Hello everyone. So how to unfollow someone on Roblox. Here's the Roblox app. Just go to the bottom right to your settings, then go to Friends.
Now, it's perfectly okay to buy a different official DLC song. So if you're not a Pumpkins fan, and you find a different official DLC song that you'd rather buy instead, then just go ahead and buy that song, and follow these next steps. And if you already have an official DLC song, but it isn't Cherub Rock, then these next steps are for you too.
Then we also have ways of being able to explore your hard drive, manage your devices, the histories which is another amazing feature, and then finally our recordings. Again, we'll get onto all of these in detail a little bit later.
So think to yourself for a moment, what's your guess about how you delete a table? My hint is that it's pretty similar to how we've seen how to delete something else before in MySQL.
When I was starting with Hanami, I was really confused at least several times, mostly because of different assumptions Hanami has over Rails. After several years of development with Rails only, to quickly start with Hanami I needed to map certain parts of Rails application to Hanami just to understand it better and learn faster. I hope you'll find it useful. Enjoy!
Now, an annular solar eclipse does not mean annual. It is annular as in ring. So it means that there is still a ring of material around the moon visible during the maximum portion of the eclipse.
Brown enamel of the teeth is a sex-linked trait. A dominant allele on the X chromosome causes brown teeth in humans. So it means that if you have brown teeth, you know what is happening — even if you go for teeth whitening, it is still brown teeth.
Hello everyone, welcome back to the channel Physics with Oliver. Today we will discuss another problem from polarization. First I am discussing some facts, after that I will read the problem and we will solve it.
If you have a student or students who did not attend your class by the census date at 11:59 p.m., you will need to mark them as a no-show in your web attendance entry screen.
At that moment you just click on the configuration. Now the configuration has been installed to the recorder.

____________

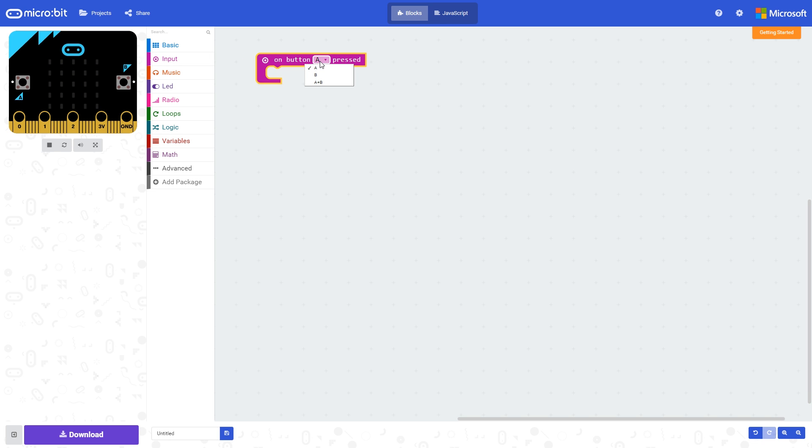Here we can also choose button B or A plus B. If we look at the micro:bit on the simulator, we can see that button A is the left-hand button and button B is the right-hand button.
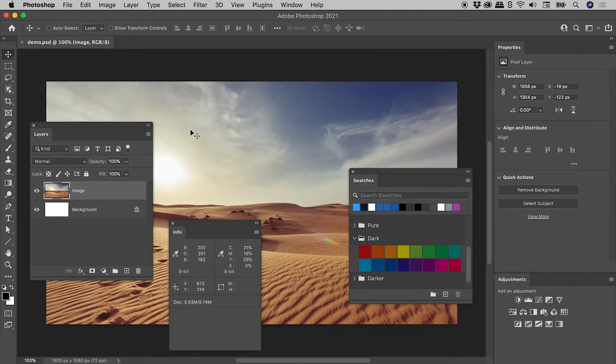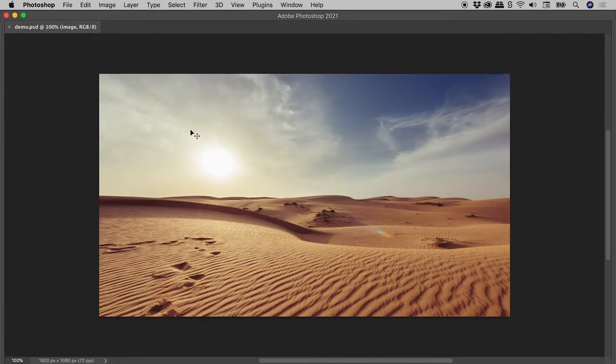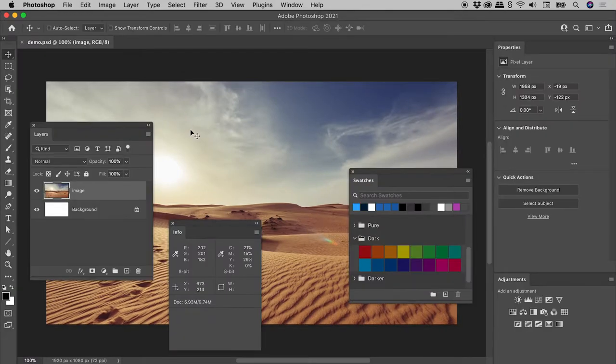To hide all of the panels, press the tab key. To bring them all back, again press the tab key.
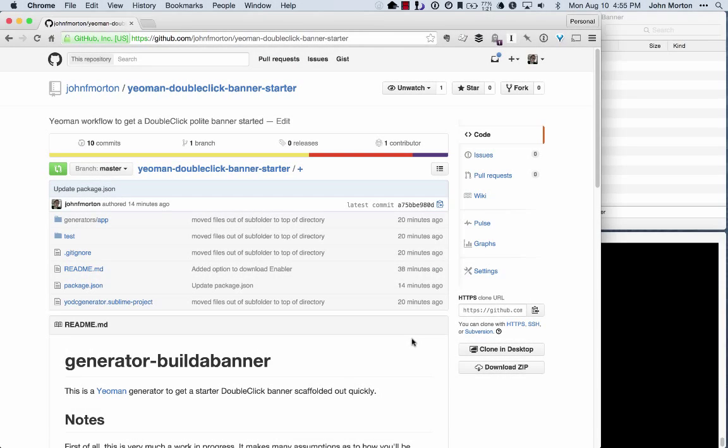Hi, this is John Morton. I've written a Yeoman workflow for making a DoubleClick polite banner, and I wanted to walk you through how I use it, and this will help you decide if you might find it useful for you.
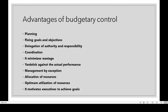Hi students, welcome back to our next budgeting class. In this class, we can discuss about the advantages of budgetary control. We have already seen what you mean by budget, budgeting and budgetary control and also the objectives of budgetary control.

____________

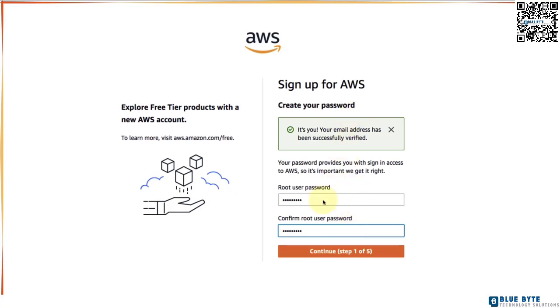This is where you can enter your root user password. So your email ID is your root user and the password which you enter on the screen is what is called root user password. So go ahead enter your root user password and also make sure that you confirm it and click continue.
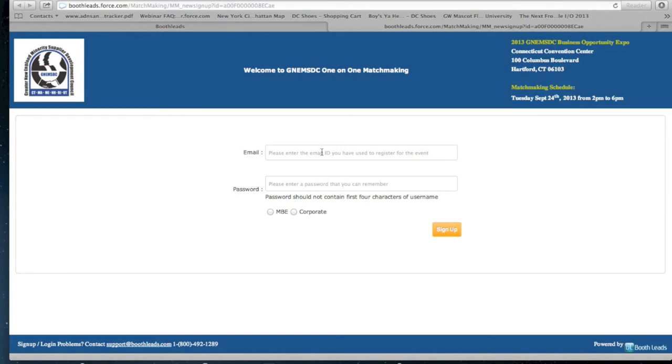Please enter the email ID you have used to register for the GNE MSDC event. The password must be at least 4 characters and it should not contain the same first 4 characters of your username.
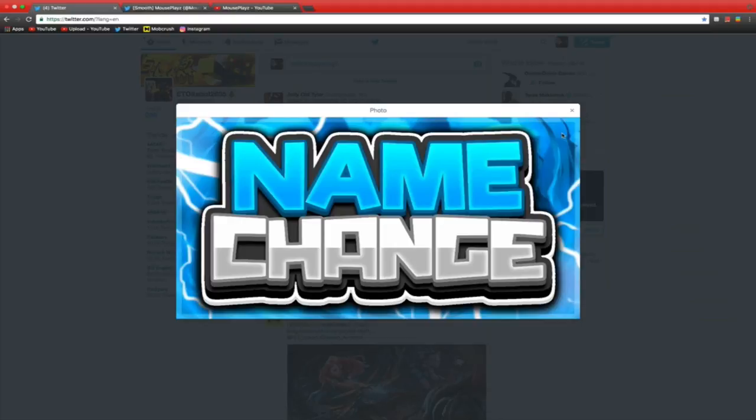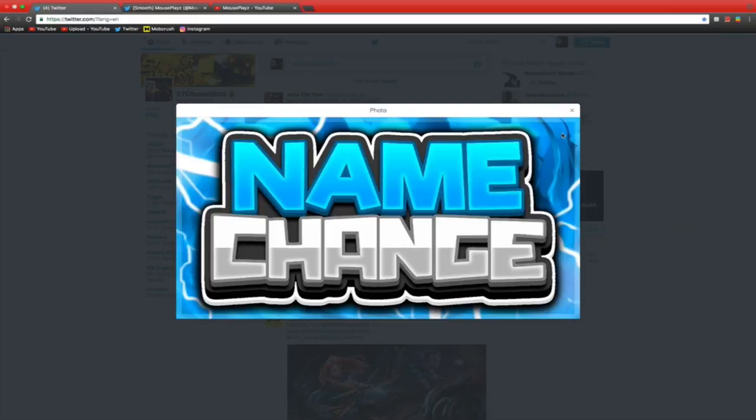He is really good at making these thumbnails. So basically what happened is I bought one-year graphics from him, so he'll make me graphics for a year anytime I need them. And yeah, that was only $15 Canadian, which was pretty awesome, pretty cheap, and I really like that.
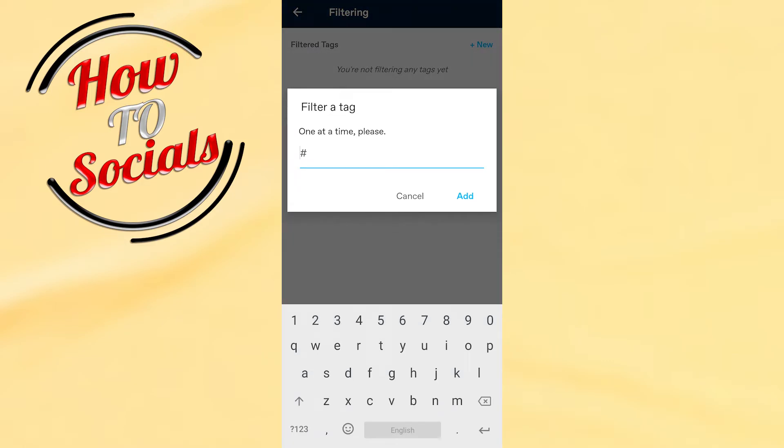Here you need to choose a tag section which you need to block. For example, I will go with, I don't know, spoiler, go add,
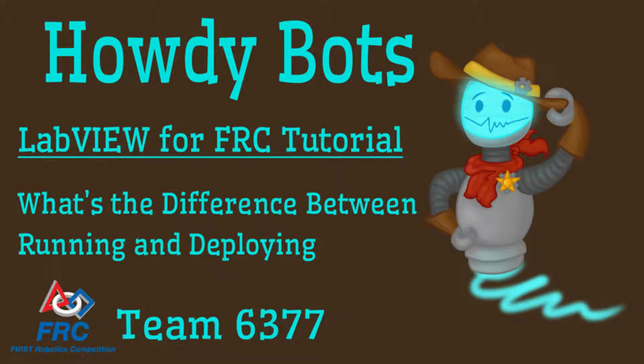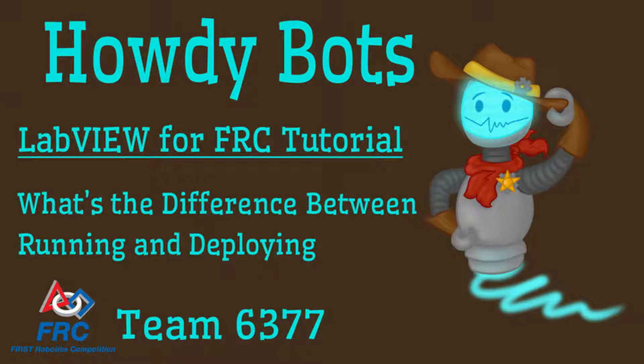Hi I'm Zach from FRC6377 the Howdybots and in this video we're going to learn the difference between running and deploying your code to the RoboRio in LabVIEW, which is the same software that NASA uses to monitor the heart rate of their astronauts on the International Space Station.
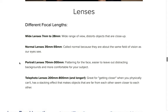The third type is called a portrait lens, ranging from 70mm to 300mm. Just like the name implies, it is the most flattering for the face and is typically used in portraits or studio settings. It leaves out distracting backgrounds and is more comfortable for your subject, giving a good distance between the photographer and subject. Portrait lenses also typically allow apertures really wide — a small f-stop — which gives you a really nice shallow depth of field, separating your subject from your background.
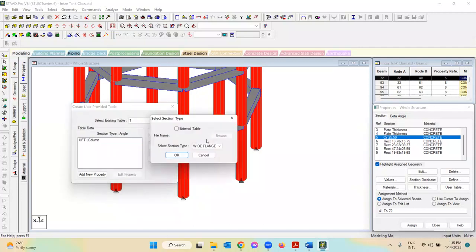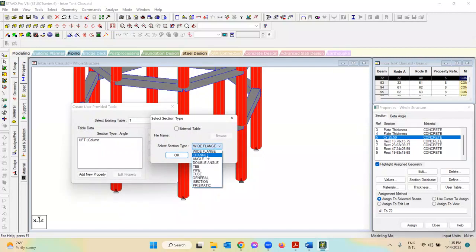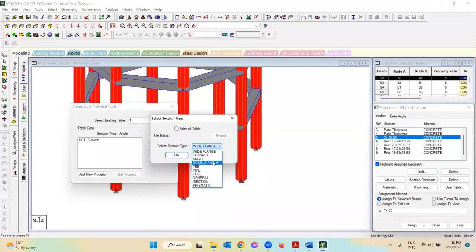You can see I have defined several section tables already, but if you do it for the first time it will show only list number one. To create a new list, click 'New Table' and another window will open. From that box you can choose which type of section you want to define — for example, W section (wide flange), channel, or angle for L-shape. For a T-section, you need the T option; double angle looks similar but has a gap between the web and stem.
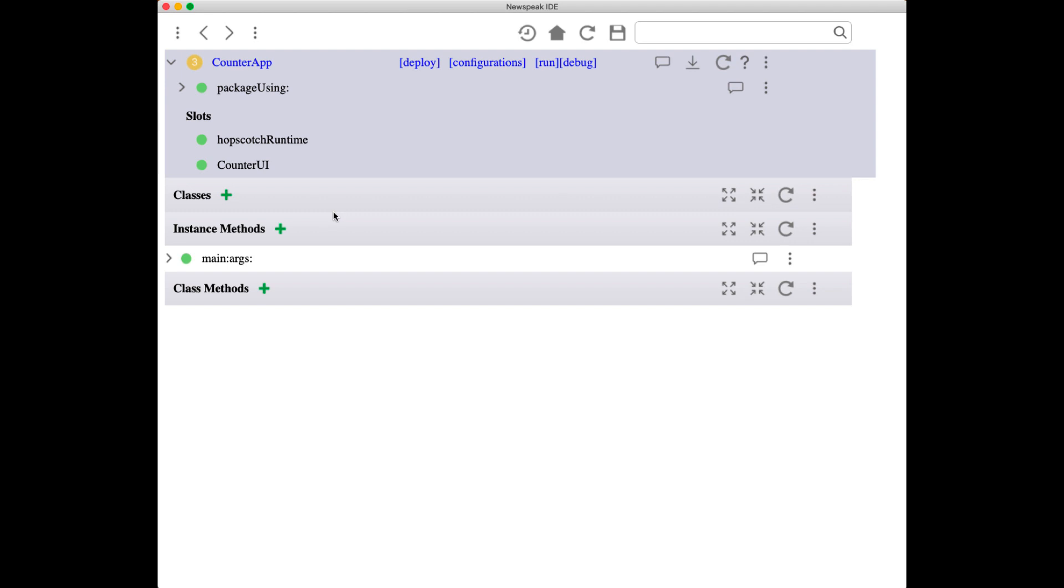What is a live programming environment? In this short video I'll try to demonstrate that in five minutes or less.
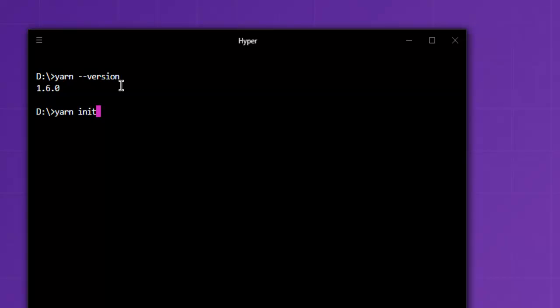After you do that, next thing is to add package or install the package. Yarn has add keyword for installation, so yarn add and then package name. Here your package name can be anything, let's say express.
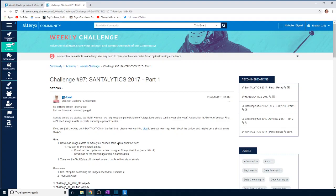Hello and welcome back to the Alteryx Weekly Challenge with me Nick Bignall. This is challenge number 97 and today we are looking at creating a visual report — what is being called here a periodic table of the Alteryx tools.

____________

§ Exercise aim:
Taking the entries above, write out exactly the lines starting with the line containing "Hello everyone. So" and going on through the line containing "Then we also", both included, and nothing else.

§ Task solution:
Hello everyone. So how to unfollow someone on Roblox. Here's the Roblox app. Just go to the bottom right to your settings, then go to Friends.
Now, it's perfectly okay to buy a different official DLC song. So if you're not a Pumpkins fan, and you find a different official DLC song that you'd rather buy instead, then just go ahead and buy that song, and follow these next steps. And if you already have an official DLC song, but it isn't Cherub Rock, then these next steps are for you too.
Then we also have ways of being able to explore your hard drive, manage your devices, the histories which is another amazing feature, and then finally our recordings. Again, we'll get onto all of these in detail a little bit later.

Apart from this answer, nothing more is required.